As the IEA said in December: “In oil-importing countries, price effects are asymmetrical: Demand lost to substitution or efficiency gains during prolonged periods of high prices will not come back in a selloff… The dollar's strength and oil sale taxes in some countries will also limit the feed-through from crude oil to retail product prices. In the OECD, a tepid economic recovery, weak wage growth and — last but not least — worrying deflationary pressures will further blunt the stimulus of lower prices.”

Looking at Europe as a whole, the secular decline in energy intensity has the OECD watchdog forecasting demand of 14mn b/d this year, down from 14.3mn b/d in 2013 and 14.1mn b/d last year. At the national level within Europe, the continuing fall in energy intensity interacts not only with GDP performance but with unseasonable seasons, canny consumer behaviour, and a host of other variables such as the French government’s new demonisation of diesel and conversion to the cause of gasoline.

In Germany, where products data for 2014 as a whole have just been released, the Dax index of stocks has been trading around record highs since data were released showing 0.7pc quarter-on-quarter GDP expansion in the last three months of 2014 and a purchasing managers index showed accelerating manufacturing growth.

December saw a storming 11.6pc year-on-year rise in overall products demand, led by heating oil and diesel.

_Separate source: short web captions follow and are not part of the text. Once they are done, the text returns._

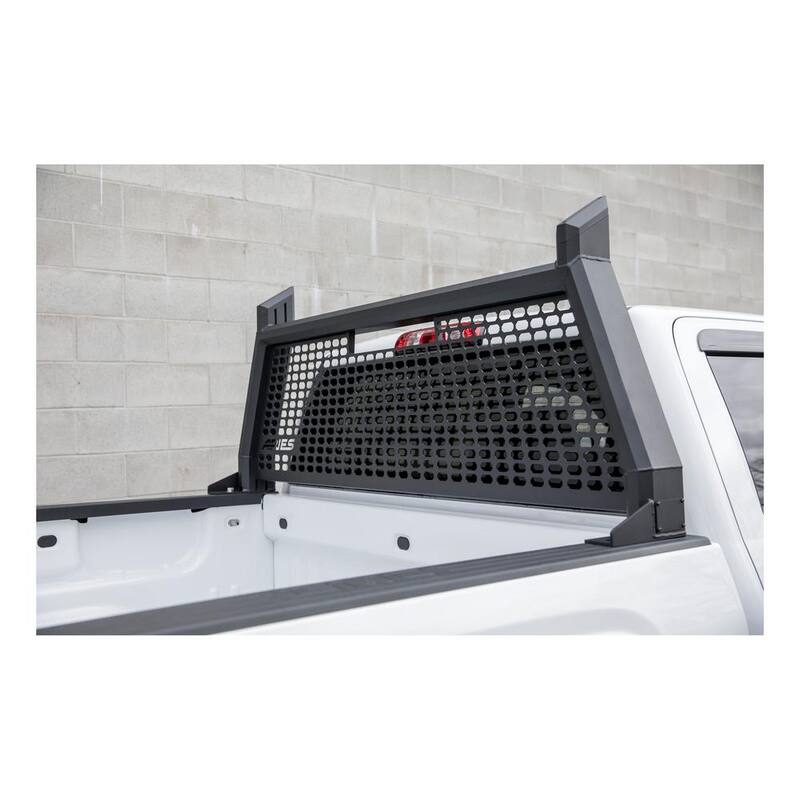 Aries AdvantEDGE Black Aluminum Headache Rack, Select Chevrolet Silverado, GMC Sierra - 1110104
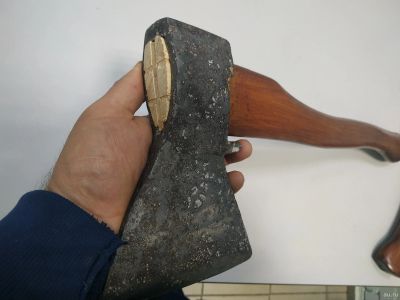 Лот: 14978583. Фото: 1. Топор советских времён. Ручной инструмент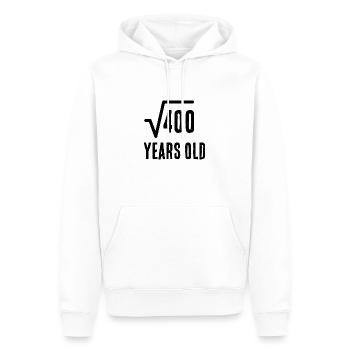 20e racine carrée anniversaire drôle maths amant dire - Sweat à capuche Premium bio Homme - blanc - Devant - Nico (187cm)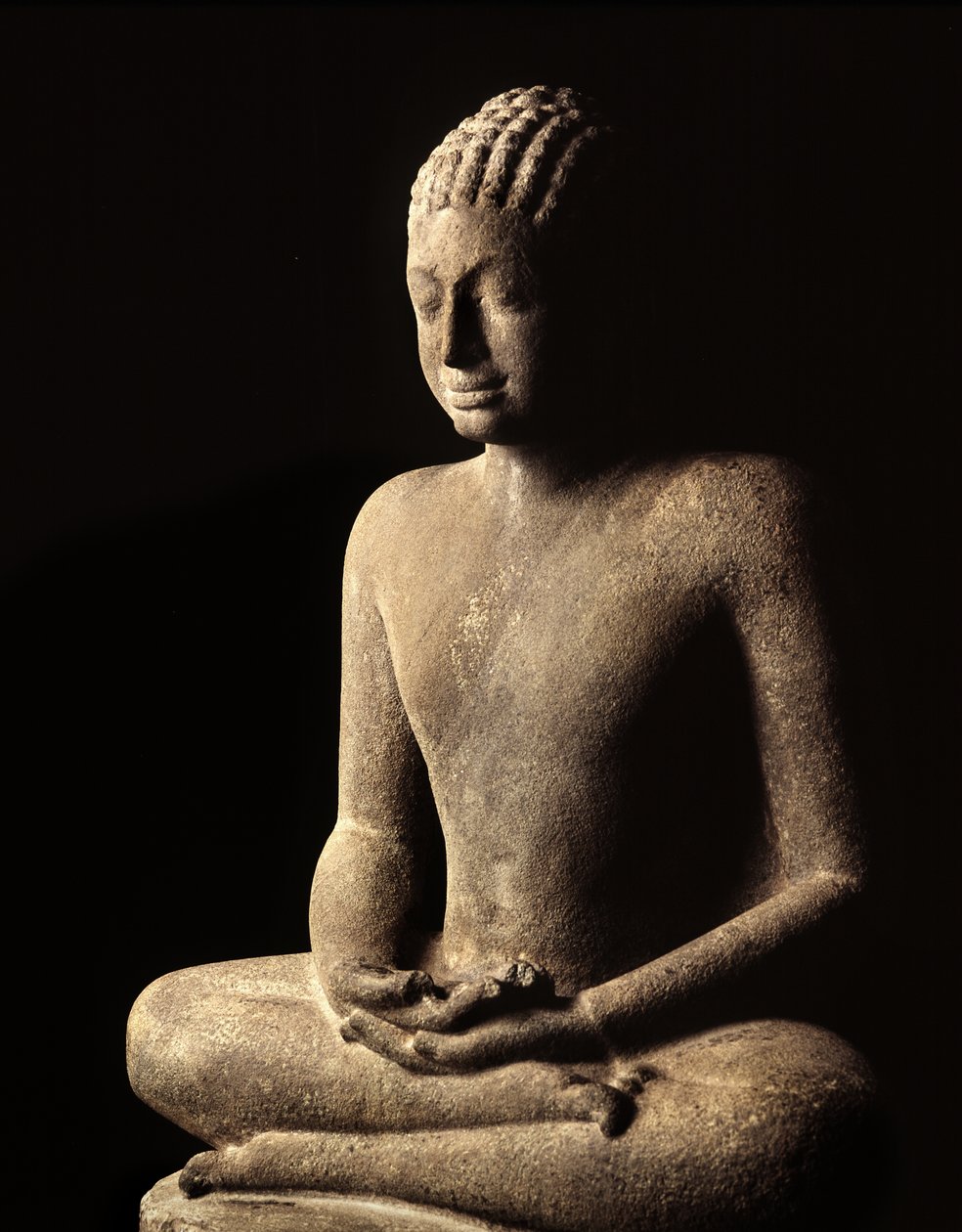 Meditating Buddha, Davaravati Period  द्वारा थाई स्कूल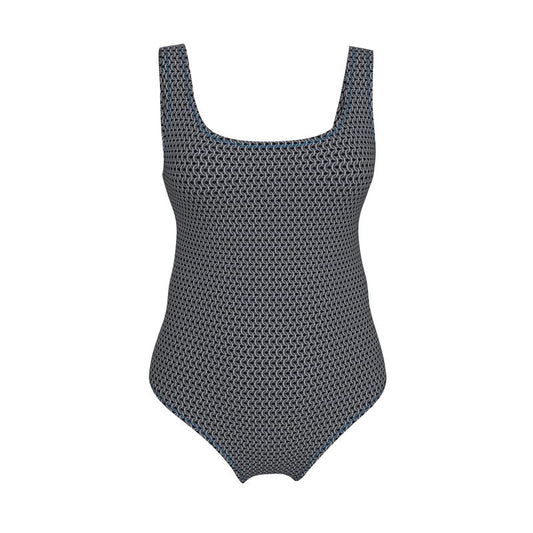 Leotard / Swimsuit with Chainmaille Print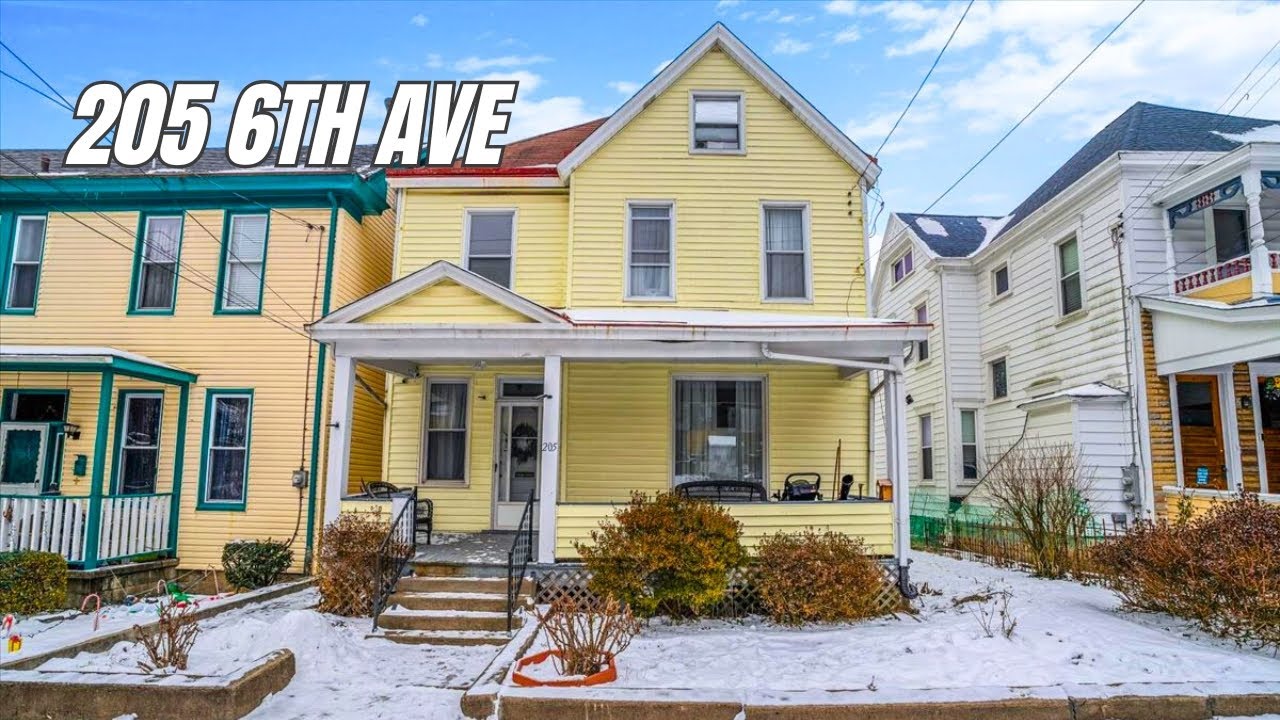 205 6th Ave, Carnegie, PA 15106 – Просторная 4-комнатная квартира с винтажным шармом (ПРОДАНА)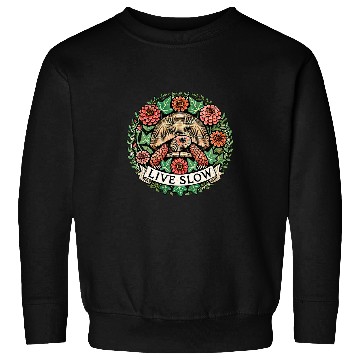 Discover Turtle Pet Live Slow Cute Box Turtle Illustration Sweatshirts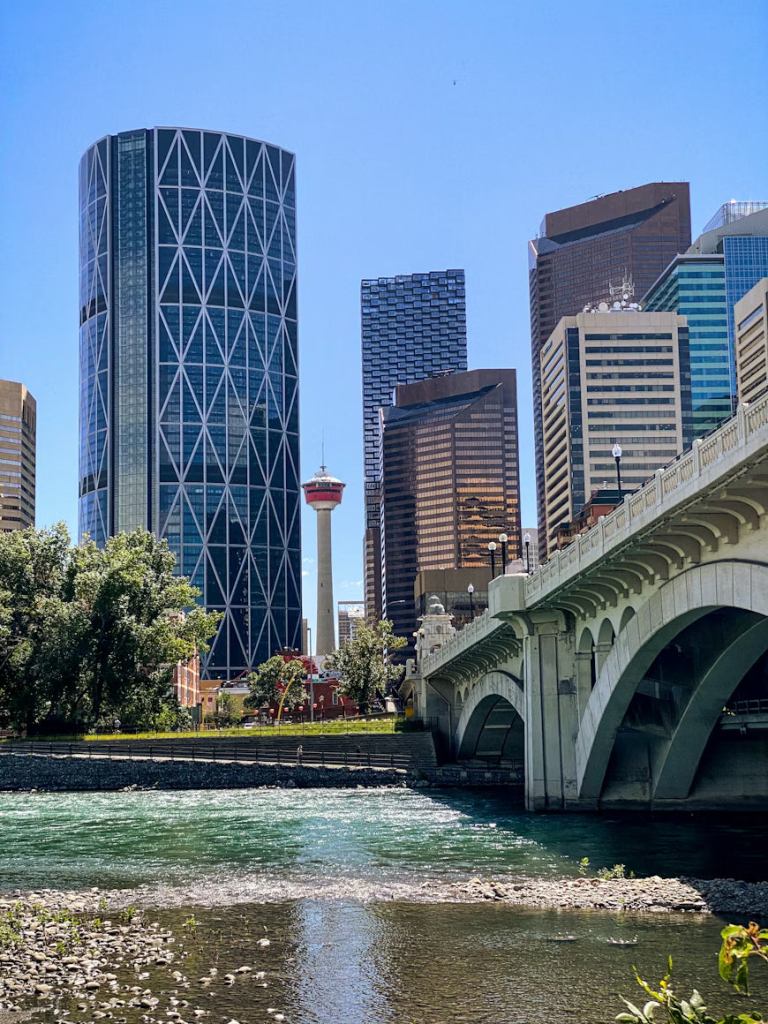 Photograph of Calgary skyline and Saddledome featured on Flare singles events page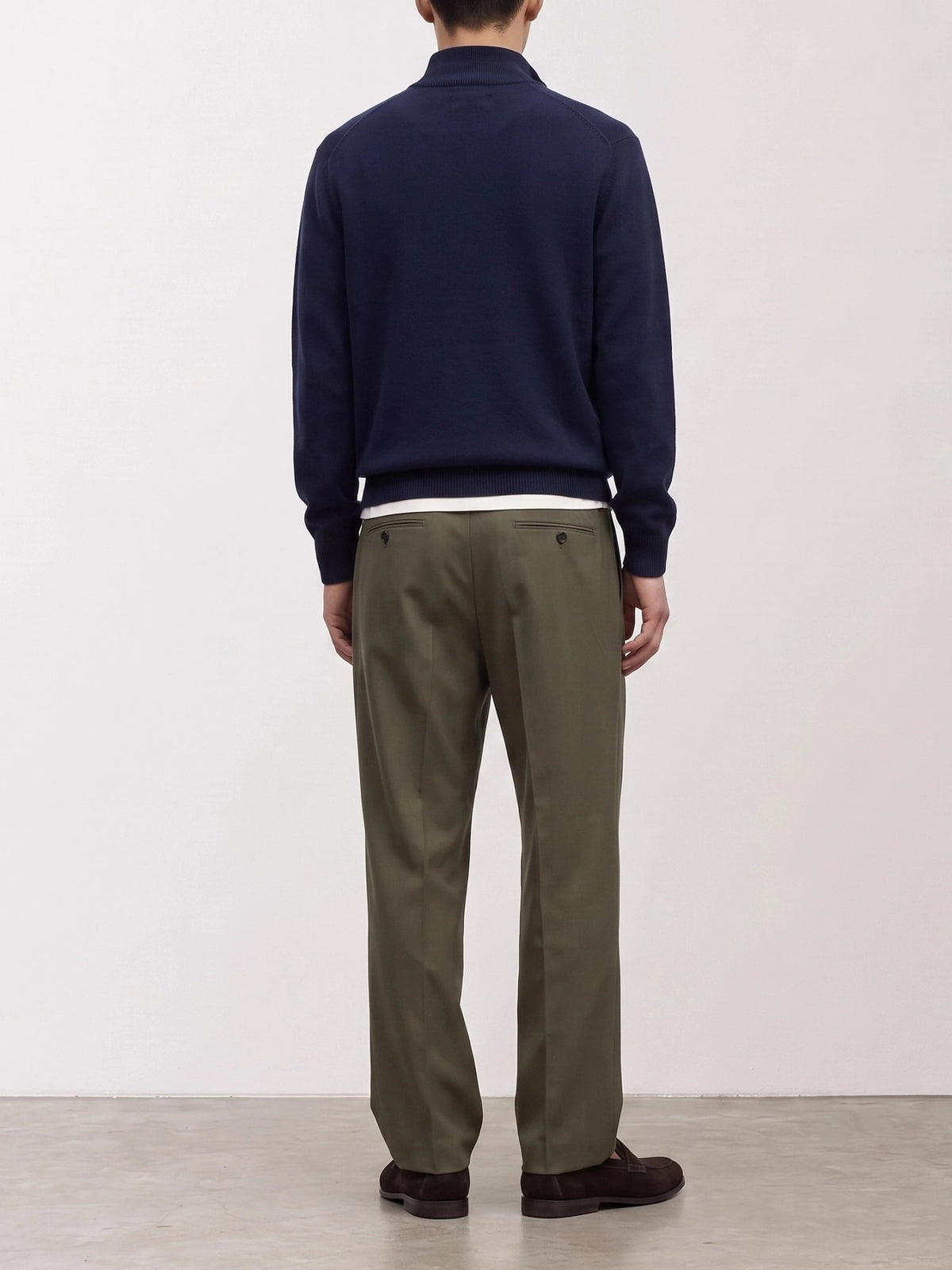 Polo Ralph Lauren Wool half-zip sweater Blue - VIETTI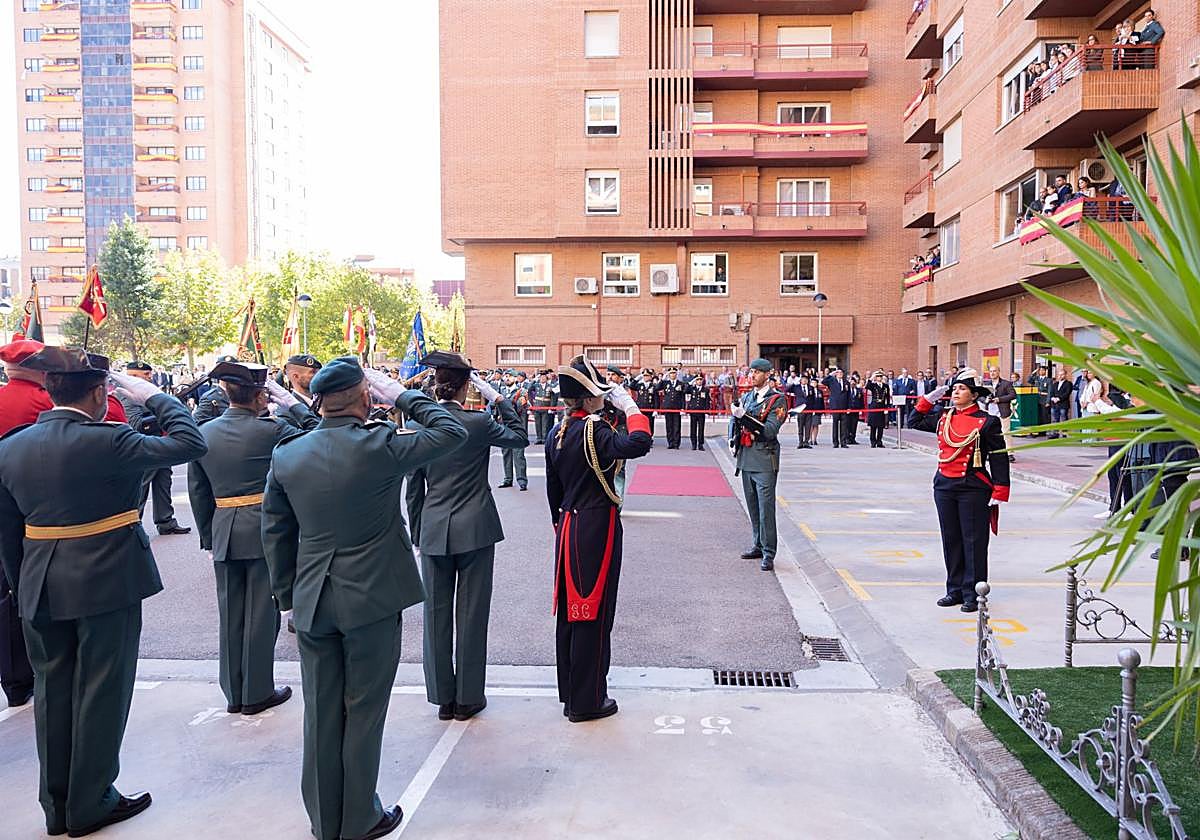 Comandancia de la X Zona de la Guardia Civil.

But total products demand for 2014 was down by 1.3pc from a year earlier, while the German economy grew by about 1.6pc over the same period. The annual decline in products consumption was led by a 15.8pc slide in heating oil use, as winter weather was milder than a year earlier. Heating oil demand can peak and trough in Germany as canny consumers replenish and drain their stocks, depending on weather and prices.

Gasoline demand was a better indicator of the economic recovery than heating oil, gaining 2.1pc over the year. German gasoline consumption grew by 4pc in the first quarter of last year, slipped by 1.2pc in the second, increased by 0.8pc in the third and by 5.3pc in the fourth. That compares with year-on-year GDP growth in the same three-month periods of 1.4pc, 1.2pc, 1.4pc and 2.4pc. The accelerated gasoline demand growth in the fourth quarter was boosted by lower prices at the pump, but was also reflected in the wider economy.

French motor fuels demand dropped by 3pc from a year earlier in January. But the country’s motor fuels demand had advanced by 7.3pc in December and hit a three-year high for 2014 as a whole.

As with the broader economic data, growth tends to get weaker as you approach the Mediterranean. Spanish imports of refined products dropped by 5.7pc in December from a year earlier, while exports jumped by 36pc. Products demand in Portugal sank by 6.6pc in November. And, in Italy, total products consumption declined by 2.4pc in January.

But there’s a gobbit of good news for Greece. Yesterday, refiner Hellenic Petroleum said its fourth-quarter production hit a record of around 310,000 b/d while sales volumes rose by 37pc from a year earlier, with domestic sales up by 11pc as overall Greek demand rose for the first time since 2009.